Car déjà la surprise est là, totale : l’afflux des signatures est impressionnant, inédit. La diversité des signataires nous étonne : de toutes professions, il n’y a pas que des soignants, il y a aussi des patients ou des ex-patients, et des parents de patients. Nous avions été alertés d’ailleurs par les vives réactions de plusieurs membres de l’Unafam, cette association représentative et active de parents et amis de malades, qui ont commencé à ruer dans les brancards contre leur président, se plaignant de son soutien alors quasi inconditionnel au discours présidentiel.
Rassemblement le 7 février
Le 9 janvier, une décision s’impose : il faut poser un acte fort, une assemblée générale… et pourquoi pas, un meeting ! La date est prise : le 7 février à Paris. Où tenir cette réunion ? Pourquoi pas à Sainte-Anne, temple de la psychiatrie ? Nous contactons la direction de l’hôpital pour demander l’amphi de la CMME – Clinique des maladies mentales et de l’encéphale, un lieu plutôt emblématique du courant de la psychiatrie biologique –, un lieu aux antipodes des conceptions théoriques du courant d’une psychiatrie désaliéniste, psychanalytique, de psychothérapie institutionnelle, majoritairement partagées dans le groupe.
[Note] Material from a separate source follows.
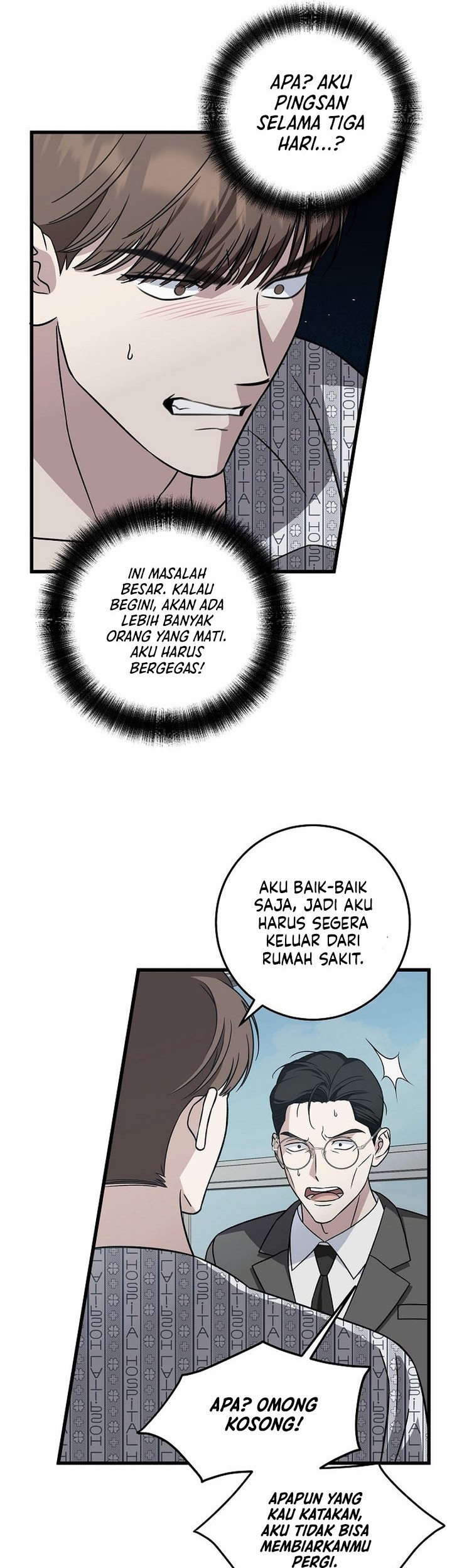 This is the Law chapter 142 halaman 39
Au bout de dix jours, la réponse de la direction de Sainte‑Anne tombe : refus. Certainement très politique, ce refus ouvre sur une perspective bien plus enthousiasmante. Par un curieux hasard, sans nous être concertés, Yves Gigou, Claude Louzoun et moi contactons le même jour Stéphane Gatti à La Maison de l’arbre à Montreuil, un lieu inauguré vers la mi-novembre par l’association La Parole errante autour d’Armand Gatti. La salle est libre le 7 février. Nous y allons immédiatement Yves et moi. Salle immense. Allons-nous pouvoir la remplir ? Au rythme des inscriptions, aucun doute !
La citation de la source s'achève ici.